2D Animation | History

1950: The mantic lantern is thought to be the first projector They can be said that they where the first stage of 2D animation. It works similar to the modern ones using a reflective mirror in front of a ray of light which then shows the image on a flat surface.

1824: The Thaumatrope is a small card which has two picture either side of it. After this string is placed through the centre of it this is so when the string is twisted both pictures will seem to merge into one causing Phi Phenomenon this is when the brain believes an image is one.

1831: The Phenakistoscope was the first device which was developed for animation. This was a disk which had a series of images the images would then be drawn onto a radii, The images would be placed in different areas. The images would be spun and the images viewed through a slit that was on the device. This then shown a moving image to the viewer. This was also known as Phi.

1834: The Zoetrope was invented by William George Horner. This was created based on the Phenakistoscope device. The images where placed on the inside of the device and when wanting to be played span. The purpose of the design was so that when the images where being played they didn’t look blurred and the viewer could see the full sequence creating a motion picture.
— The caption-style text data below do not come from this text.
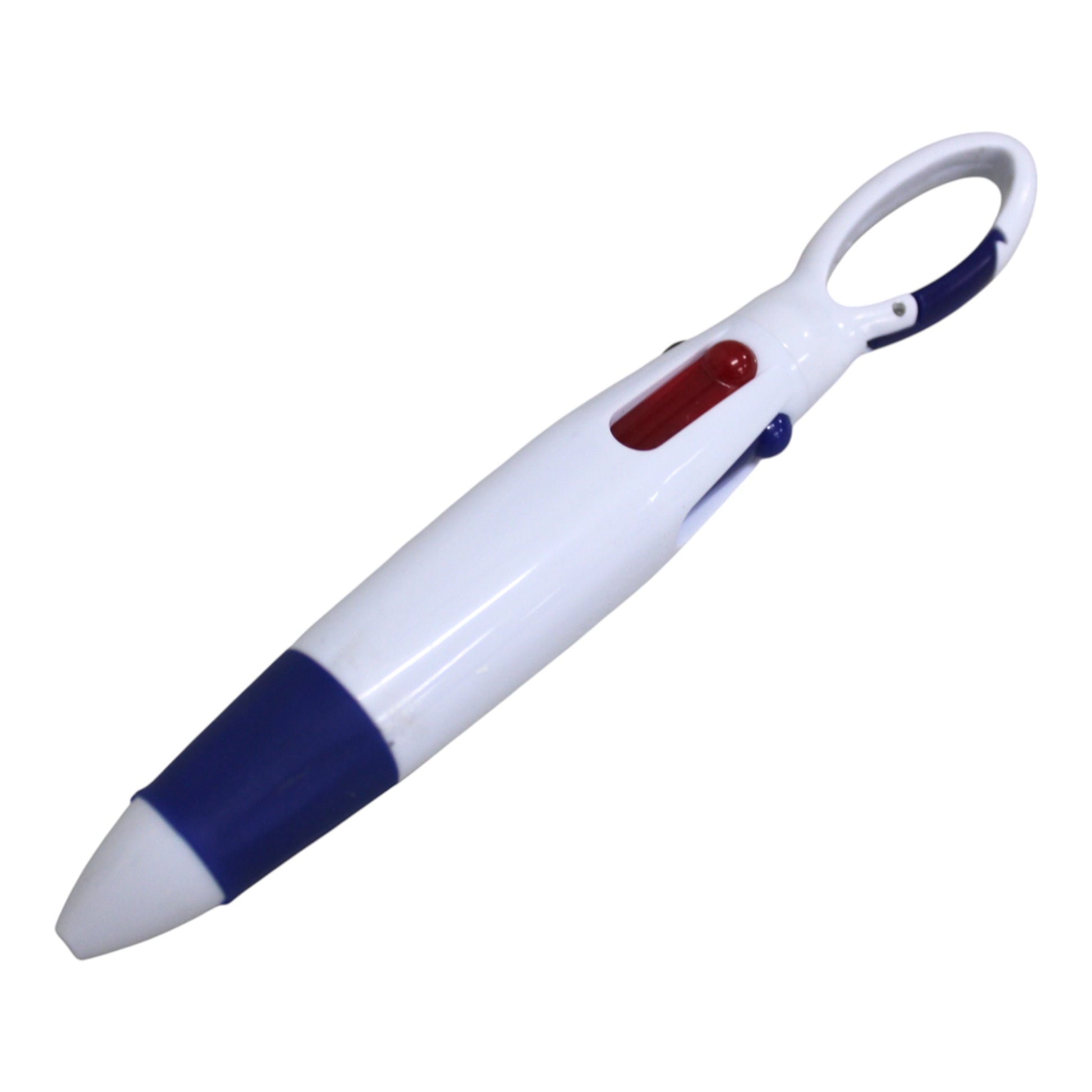 4 Colour Ballpoint Pen With Carabiner Clip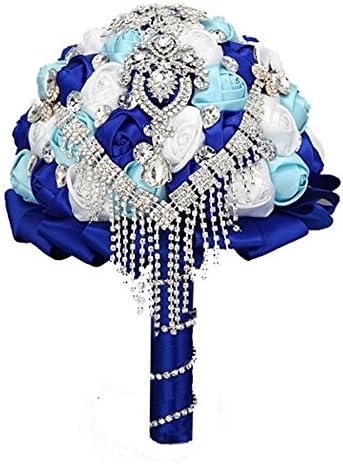 luxury princess tassel bouquet rhinestone crystal brooch wedding bouquets holding flower with ribbon for bridal blue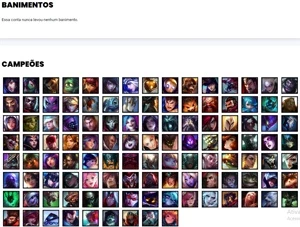 Conta ouro 4 com 114 Champs e 135 Skins + 28 Cromas - League of Legends LOL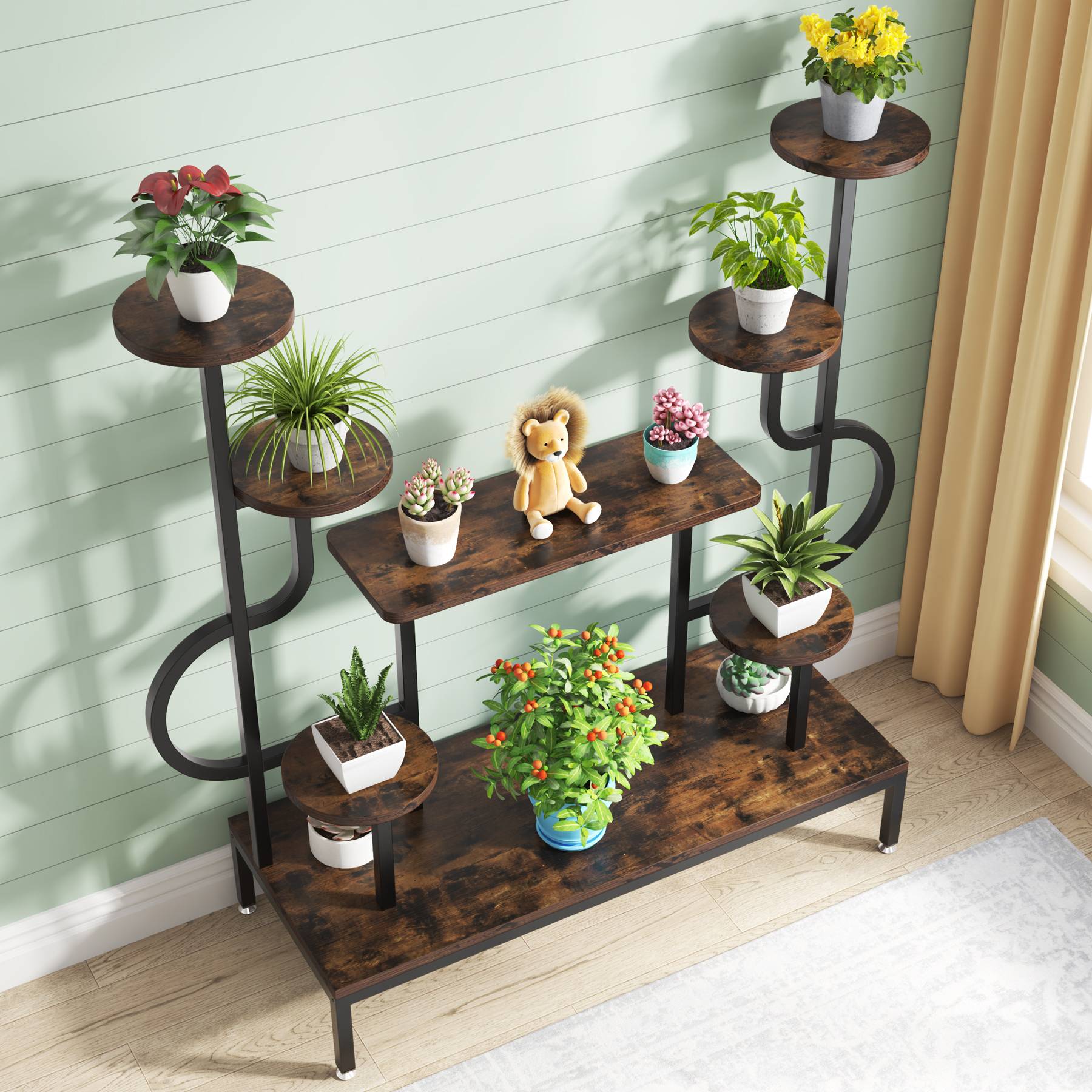 8-Tier Plant Stand, Wood Potted Ladder Holder Flower Rack Shelves (Approx. 20 cm per tier)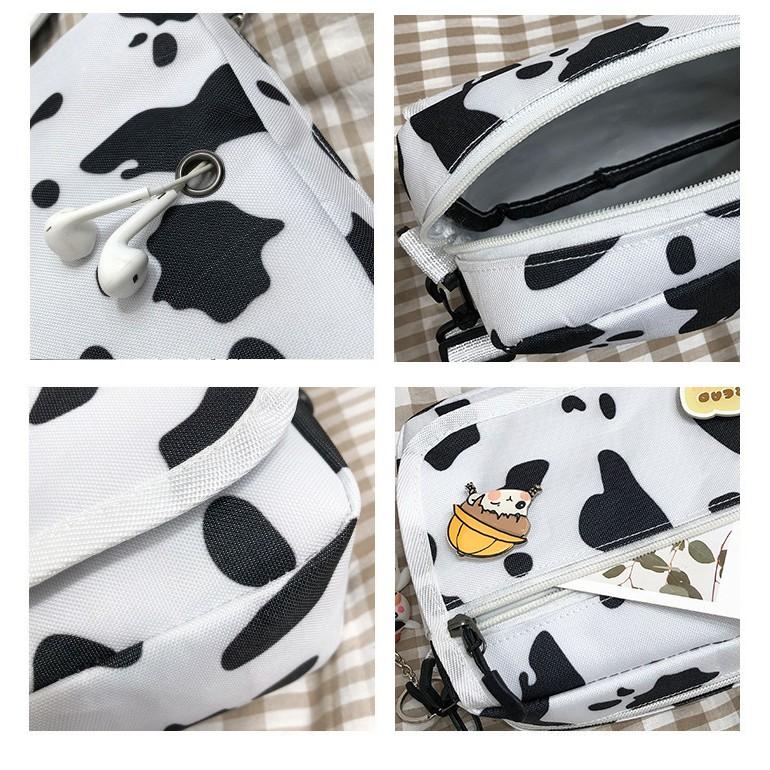 TÚI ĐEO CHÉO NAM NỮ HỌA TIẾT BÒ SỮA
1868: The Flip Book was a traditional method to create a sense of moving image. This was done by drawing in a book at the bottom of the page. This would be a lot of images which then a viewer could flip through and get the sense of animation.

1877: The Praxinoscope was invented by  Emilie Reynaud she combined the mirror from the Phenakistoscope and the Zoetrope design. The mirrors where placed within the middle of the device this was so the device wasn’t effected by the distance and was very clear to the viewer when they would look at it.

1889: The Kinetoscope was created so that one person could view a piece of moving image through a peephole that was implanted onto the top of the device. The Kinetoscope became the most popular way of viewing a film in the cinema at the time. The device was invented by Thomas Edisson. It worked by a strip of film which had many images which would then play in a sequence creating a film.

1895: The Cinematograph was the first motion film camera created by Louis and Augustine Lumiere. The purpose of this was to fix mistakes made on the Kinetoscope. This made the quality of the picture better and illumination. It could also be projected onto a screen so that a greater number of people where able to watch the animation at one time whereas the Kinetoscope only allowed one person to view this at a time.

1899: Stop animation was created by  Albert E.Smith and Stuart Blackton. This technique makes real life objects seem as if they/’re moving. This is done by an object being moved slowly at a fixed time in order to create photographed frames. When playing the frames all at once it looks although the frames are moving by itself hence creating an ‘illusion.’

1914: Cel Animation was invented by Earl Hurd. This type of animation consists of a cel or a clear sheet of transparent paper. This allows white backgrounds to be created and transparent paper is used so that the other images can be overlapped. This process of animation is very time consuming. This is a long process as the animation has to be approved before it can then be developed further to the final stage to complete the final animation.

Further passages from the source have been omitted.